From my testing it seems that setting the isolation level to SERIALIZABLE accomplishes the same as manual table locking and unlocking? Is this correct?
It's going to depend on the transaction isolation level you have set on your database. You can read more about the levels here. For example, for READ UNCOMMITTED, you can actually read rows that are uncommitted by another transaction. This is usually not what you want to happen.
Locking an entire table is a really extreme choice though, and should probably not be done unless there's no other choice. My recommendation would be to consider the rows you need to lock, and then you can lock those specific rows using a select for update statement.
For example, suppose you have a resources table and a schedules table that contains bookings for those resources. When booking a resource, you have to check the schedules table for a given resource to make sure it's available for the desired time. However, you have to do this is a concurrent way, that is, you want to ensure that between the time you check the schedules table for availability for the resource, and the time you actually insert the row into the schedules table, you want to ensure that some other transaction doesn't book the resource for the same time (or an overlapping time).
You can accomplish this by using a select for update command:
select * from resources where resource_name=’a’ for update;
Assuming you're doing this in a stored procedure, if some other code fires the stored procedure for the same resource, it will block on that statement. This will ensure that resources don't get double booked.
We could also accomplish this by locking the entire resources table. However, there's no need to do that since we're only interested in booking a single resource. So it's good enough to just lock the resource row we care about.
Note that for MySQL, you need to index the columns you use in the for update or it will lock the entire table.
The point to all this is to always consider maximum concurrency. In other words, don't lock more than you need to. Otherwise, you make the application much less scalable and you inhibit concurrency.
I have a table that is collecting data input by users.

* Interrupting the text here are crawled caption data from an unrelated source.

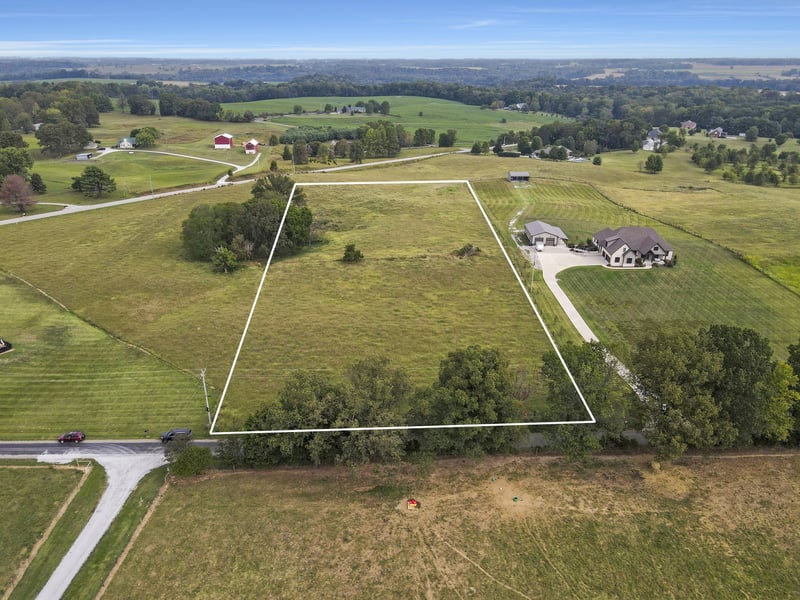 0 Edd Ross Rd, Cedar Hill, TN 37032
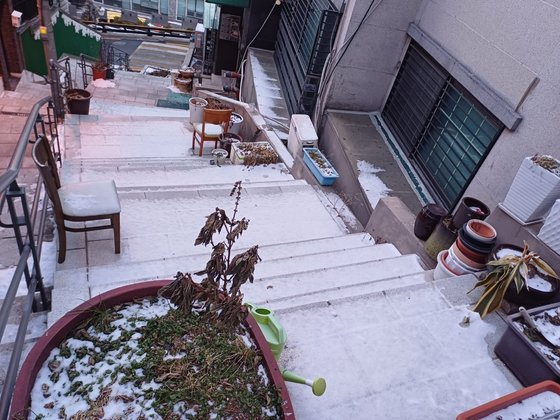 Stairs in Huam-dong in Yongsan District, central Seoul, were covered in snow at 7:32 a.m. Thursday. [OH SAM-GWON]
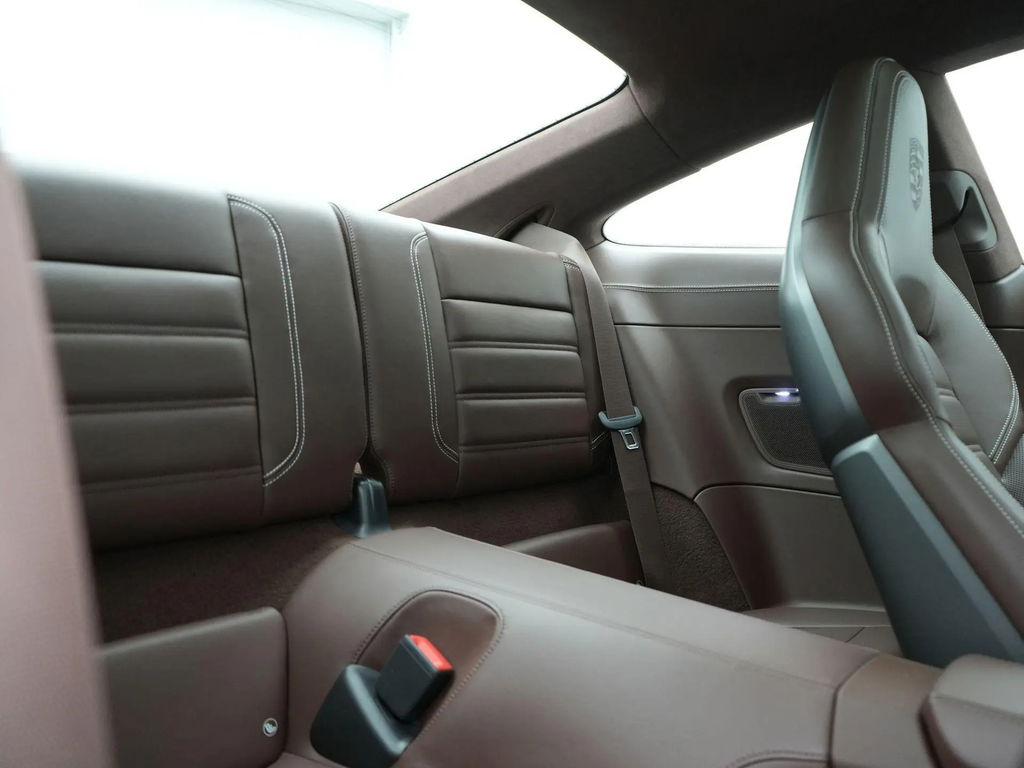 Porsche 992 Carrera 4 GTS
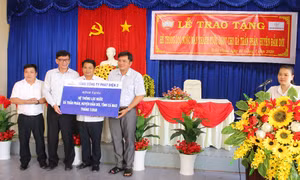 EVNGENCO 3 trao tặng hệ thống lọc nước nhiễm mặn tại Cà Mau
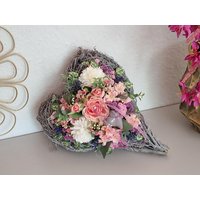 Schönes Grabherz-Grabgesteck-Herz-Urnengrab-Grabdeko-Rosengesteck-Grabschmuck-Allerheiligen-Trauerfloristik-Friedhof-Grabschmuck-Geburtstag von EBmomente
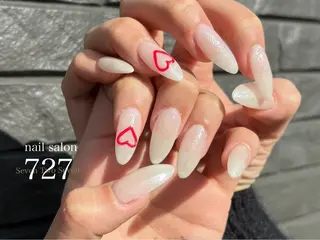 ネイル 727 nailのネイルデザイン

I want to carry out the following SQL statements:
SELECT statement 1
SELECT statement 2
UPDATE table rows that I've read out in the 2 select statements
I want to guard against the possibility of another user inputting new data in between any of the statements.
I've read the MySQL manual and it seems that I could lock the tables first, but I'm more familiar with transactions and I would like to know if wrapping a transaction around the 3 statements would achieve what I want. I've found it quite hard to be certain this will work from reading the manuals (or maybe it's just me....)
There are two possible problem scopes here; transactions (if you're using an engine that supports transactions, like InnoDB) will solve one of them.
Transactions keep all of your queries operating on a snapshot of database state when the transaction was started, and any modifications are applied all-or-nothing when the transaction is completed. This effectively solves interleaving and race conditions with the queries.
However, you stated that you want to prevent a user inputting new data in between any of the statements. If this is a situation where you want to ensure that a user submitting a request is starting from current data, you'll need to implement your own locking mechanism, or at least a way to trap cases where interleaving between requests is causing an issue.
Basically, transactions will only help with queries running in concurrent requests. If this scenario would be a problem:
User1 requests data
User2 requests data
User1 submits modifications
User2 submits modifications
Where User2 was able to submit their changes without knowing about the changes made by User1, you need your own locking system; transactions aren't going to help. This is coming from a web development background where each step is a separate web request in a separate transaction.